A year after Mayor Bloomberg wiped out penalties for any restaurant scoring an A in its Health Department inspection, the city is collecting more fine revenue from eateries than ever before.
The mayor made the generous no-fine gesture in his 2011 State of the City speech.
By March — just two months later — Health Department inspectors were ringing up their first $4 million month.
Total collections will almost certainly exceed a record $50 million by the time the 2012 fiscal year ends June 30, up more than 50 percent in two years.
This is happening at a time when the department says it has awarded 77 percent of the city’s 22,536 restaurants the coveted grade of A, in which fines aren’t supposed to apply.
So who’s paying?
Officials say it’s the places landing the B’s and C’s, which are getting inspected more frequently.
“We basically pay more attention to those places,” explained Deputy Health Commissioner Dan Kass.
“We’re not fining more per inspection. We didn’t make the inspections harder. We didn’t raise the fines. We didn’t suddenly decide to be more punitive.”
But the grumbling about the inspection process is as loud as ever, including from some unexpected quarters.City Council Speaker Christine Quinn, who usually sees eye-to-eye with the administration, says she is being bombarded with complaints from restaurant owners.
“I have heard over and over again concerns about the grading system and the spike in fines,” said Quinn, who has scheduled hearings on the issue next month. “You hear it in every borough, in multiple neighborhoods.”
One of those complaints came from Ron Brannon, a partner of foodie superstar Donatella Arpaia.

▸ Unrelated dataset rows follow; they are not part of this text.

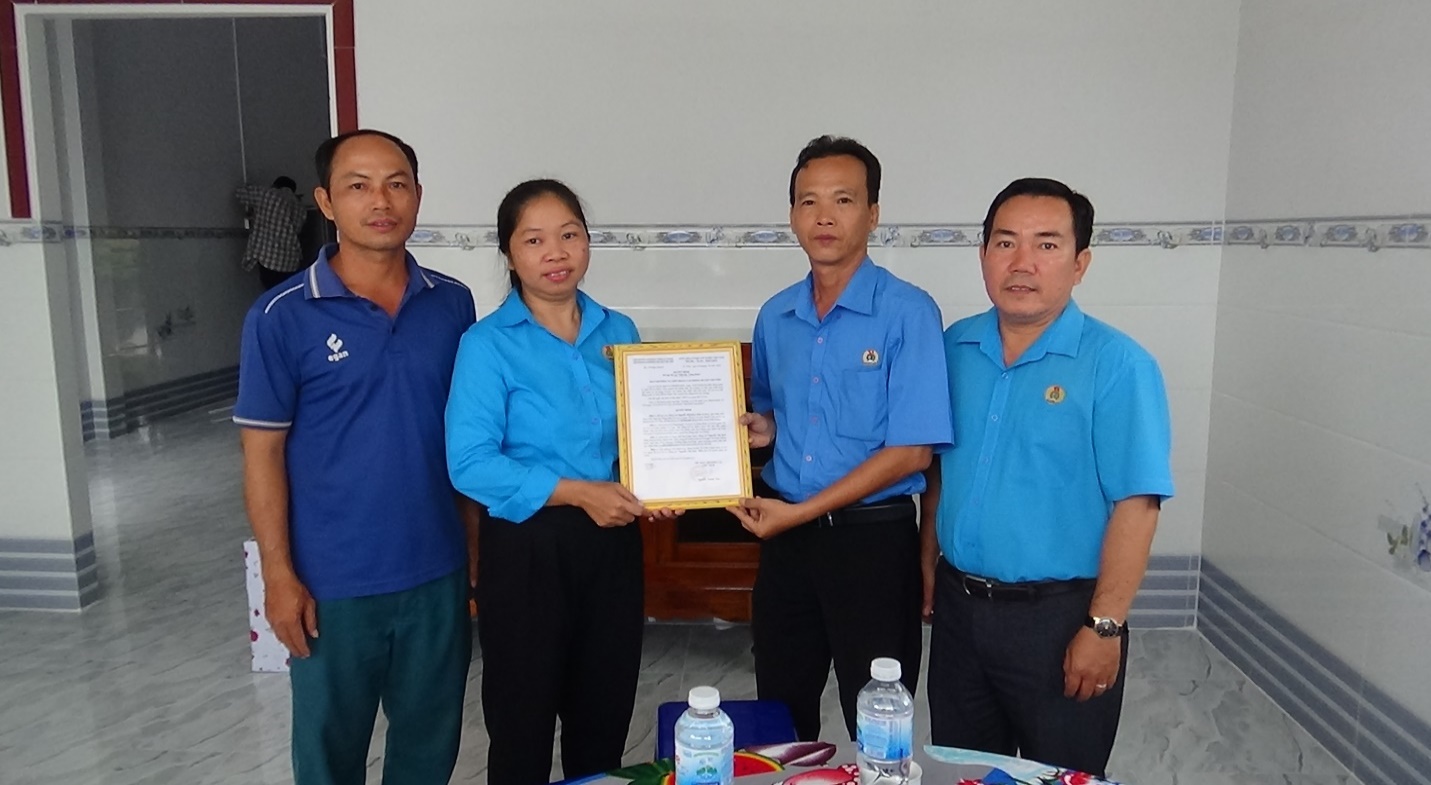 D:\chau phong\anh\1 2025\DSC01839.JPG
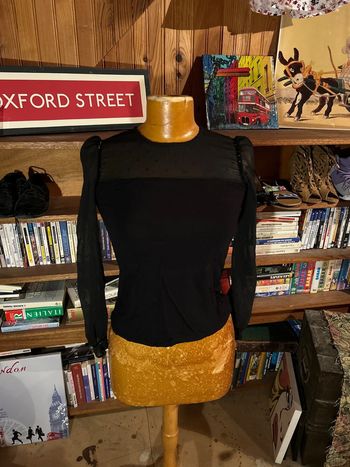 Top manches et décolleté transparent XS épaules bouffante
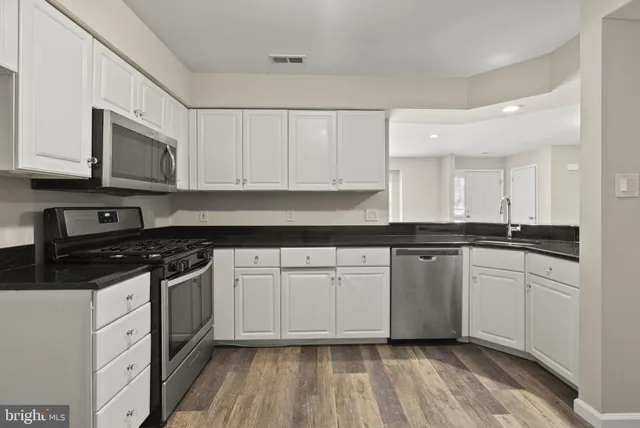 $369,900 | 506 Oliphant Lane, Mount Laurel, NJ 08054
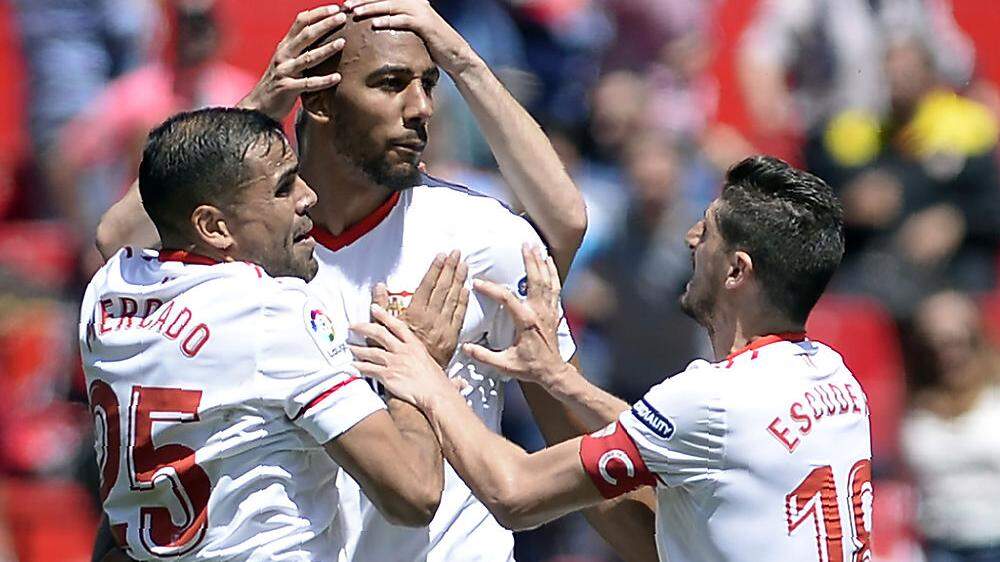 Nzonzi (Mitte) vom FC Sevilla erzielte ein Traumtor gegen Villarreal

DBar, which is part of the Donatella pizza restaurant, at Eighth Avenue and 19th Street, in Quinn’s district, was visited twice by inspectors last month and given summonses for more than $4,000.
“I don’t really understand the process,” said Brannon.
“If you are a direct threat to public health and safety, by all means you should be penalized. But if you have some administrative [issues], you don’t have to come down with a sledgehammer.”
By the department’s own standards, Donatella is a model of safety and sanitation. It passed its last graded inspection a year ago with not a single violation point, rare even for four-star eateries.
Kass says there’s evidence that poorly performing restaurants have gotten the message. He expects that fines have “plateaued” and that “we’re going to see them go down.”
You can bet that restaurateurs are praying he’s right. In the meantime, they should be aware that the department notified the mayor’s budget office last November that it is counting on collecting $3.8 million more in the 2013 fiscal year.